На самом деле в декрете больше пунктов — мы даже начали расписывать подзаконные акты, которые будут определять, как все это будет работать на практике и контролироваться. Тот еще ад! Но здесь и сейчас нужно было, чтобы детали и сложные формулировки не смогли украсть суть! Чтобы люди вдохновились, осознали, что именно дала им эта победа, но в то же время чтобы и цена, которую им придется платить, не стала для них сюрпризом.
— Декрет номер два! Декрет о труде! — отбросив первый лист в сторону, я выхватил второй. — Рабочий день теперь будет равен восьми часам! Минимальная оплата — один доллар пятьдесят центов! Детский труд запрещен! Однако! Все предприятия, которые будут работать по армейским контрактам — а в ближайшее время это все предприятия! — работают в три смены. Пока идет война! Отказавшихся — под трибунал!

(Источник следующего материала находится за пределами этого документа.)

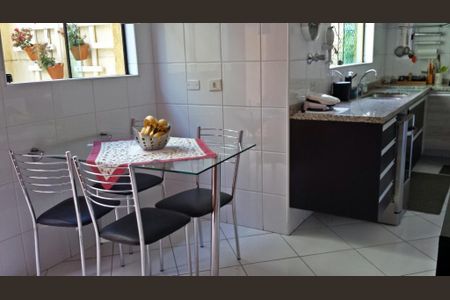 Casa à venda com 194m², 4 quartos e 6 vagas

Включать деньги в декрет — обычно не самая лучшая идея, но, рассчитав примерные цифры на опыте Сан-Франциско, я был готов рискнуть. Уж очень конкретные доллары и центы приземляли и делали понятными даже самые громкие слова. Ну, а последовательность аргументов помогла продумать и составить Татьяна. Лично мне казалось, что вынесение самых противоречивых пунктов в конец декрета — это ошибка. Горькое послевкусие, которое испортит общее впечатление. Но княжна объяснила, что землю и ограничение рабочего дня такие мелочи никак не смогут сделать хуже, наоборот, с ними люди лишь лучше запомнят, что это не подарок и что за него нужно бороться. Так и вышло!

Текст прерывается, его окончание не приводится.